• Source material
-.-.-
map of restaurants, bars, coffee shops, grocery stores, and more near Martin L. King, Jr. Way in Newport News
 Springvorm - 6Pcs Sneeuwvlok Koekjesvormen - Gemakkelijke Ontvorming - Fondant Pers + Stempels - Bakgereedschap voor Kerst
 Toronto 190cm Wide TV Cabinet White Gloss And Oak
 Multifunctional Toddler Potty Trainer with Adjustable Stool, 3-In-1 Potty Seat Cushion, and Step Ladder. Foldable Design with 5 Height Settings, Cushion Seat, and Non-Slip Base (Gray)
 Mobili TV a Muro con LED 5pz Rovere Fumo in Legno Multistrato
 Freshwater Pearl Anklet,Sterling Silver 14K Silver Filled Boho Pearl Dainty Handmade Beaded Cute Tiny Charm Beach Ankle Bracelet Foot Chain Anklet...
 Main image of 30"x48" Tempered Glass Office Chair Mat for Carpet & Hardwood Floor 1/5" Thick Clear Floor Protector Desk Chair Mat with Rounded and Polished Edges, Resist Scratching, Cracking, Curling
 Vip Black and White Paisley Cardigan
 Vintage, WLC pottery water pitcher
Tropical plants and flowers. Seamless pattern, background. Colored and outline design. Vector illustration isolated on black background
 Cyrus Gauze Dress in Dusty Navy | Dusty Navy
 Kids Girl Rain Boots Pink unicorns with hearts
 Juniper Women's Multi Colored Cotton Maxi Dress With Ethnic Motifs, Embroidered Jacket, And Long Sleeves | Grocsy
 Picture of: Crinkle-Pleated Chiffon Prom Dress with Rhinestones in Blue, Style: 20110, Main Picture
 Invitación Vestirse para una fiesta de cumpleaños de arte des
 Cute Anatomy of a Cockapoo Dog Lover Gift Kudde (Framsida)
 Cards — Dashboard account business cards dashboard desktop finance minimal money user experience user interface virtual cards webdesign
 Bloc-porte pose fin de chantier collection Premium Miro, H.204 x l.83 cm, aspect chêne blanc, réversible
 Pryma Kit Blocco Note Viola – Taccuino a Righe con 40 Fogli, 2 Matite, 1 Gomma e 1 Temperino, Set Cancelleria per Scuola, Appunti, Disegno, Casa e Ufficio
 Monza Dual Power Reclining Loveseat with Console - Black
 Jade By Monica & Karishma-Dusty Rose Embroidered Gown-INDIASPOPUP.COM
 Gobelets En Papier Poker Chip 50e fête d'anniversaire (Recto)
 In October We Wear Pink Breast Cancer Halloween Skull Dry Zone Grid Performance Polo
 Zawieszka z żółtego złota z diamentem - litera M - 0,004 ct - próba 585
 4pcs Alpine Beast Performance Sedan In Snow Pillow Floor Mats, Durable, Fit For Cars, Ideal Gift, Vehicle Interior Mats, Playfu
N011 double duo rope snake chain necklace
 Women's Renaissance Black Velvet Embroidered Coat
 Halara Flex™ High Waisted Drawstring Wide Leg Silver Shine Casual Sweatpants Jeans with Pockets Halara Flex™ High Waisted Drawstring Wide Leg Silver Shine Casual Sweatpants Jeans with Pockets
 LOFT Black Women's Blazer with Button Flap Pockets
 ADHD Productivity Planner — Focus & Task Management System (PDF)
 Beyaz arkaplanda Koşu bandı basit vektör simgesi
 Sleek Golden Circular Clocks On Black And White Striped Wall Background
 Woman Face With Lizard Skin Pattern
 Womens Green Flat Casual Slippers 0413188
-.-.-
• Work instructions
Of all the entries above, output exactly the lines between the one holding "Cyrus Gauze Dress in Dusty Navy | Dusty Navy" and the one holding "LOFT Black Women's", inclusive.

• The answer
 Cyrus Gauze Dress in Dusty Navy | Dusty Navy
 Kids Girl Rain Boots Pink unicorns with hearts
 Juniper Women's Multi Colored Cotton Maxi Dress With Ethnic Motifs, Embroidered Jacket, And Long Sleeves | Grocsy
 Picture of: Crinkle-Pleated Chiffon Prom Dress with Rhinestones in Blue, Style: 20110, Main Picture
 Invitación Vestirse para una fiesta de cumpleaños de arte des
 Cute Anatomy of a Cockapoo Dog Lover Gift Kudde (Framsida)
 Cards — Dashboard account business cards dashboard desktop finance minimal money user experience user interface virtual cards webdesign
 Bloc-porte pose fin de chantier collection Premium Miro, H.204 x l.83 cm, aspect chêne blanc, réversible
 Pryma Kit Blocco Note Viola – Taccuino a Righe con 40 Fogli, 2 Matite, 1 Gomma e 1 Temperino, Set Cancelleria per Scuola, Appunti, Disegno, Casa e Ufficio
 Monza Dual Power Reclining Loveseat with Console - Black
 Jade By Monica & Karishma-Dusty Rose Embroidered Gown-INDIASPOPUP.COM
 Gobelets En Papier Poker Chip 50e fête d'anniversaire (Recto)
 In October We Wear Pink Breast Cancer Halloween Skull Dry Zone Grid Performance Polo
 Zawieszka z żółtego złota z diamentem - litera M - 0,004 ct - próba 585
 4pcs Alpine Beast Performance Sedan In Snow Pillow Floor Mats, Durable, Fit For Cars, Ideal Gift, Vehicle Interior Mats, Playfu
N011 double duo rope snake chain necklace
 Women's Renaissance Black Velvet Embroidered Coat
 Halara Flex™ High Waisted Drawstring Wide Leg Silver Shine Casual Sweatpants Jeans with Pockets Halara Flex™ High Waisted Drawstring Wide Leg Silver Shine Casual Sweatpants Jeans with Pockets
 LOFT Black Women's Blazer with Button Flap Pockets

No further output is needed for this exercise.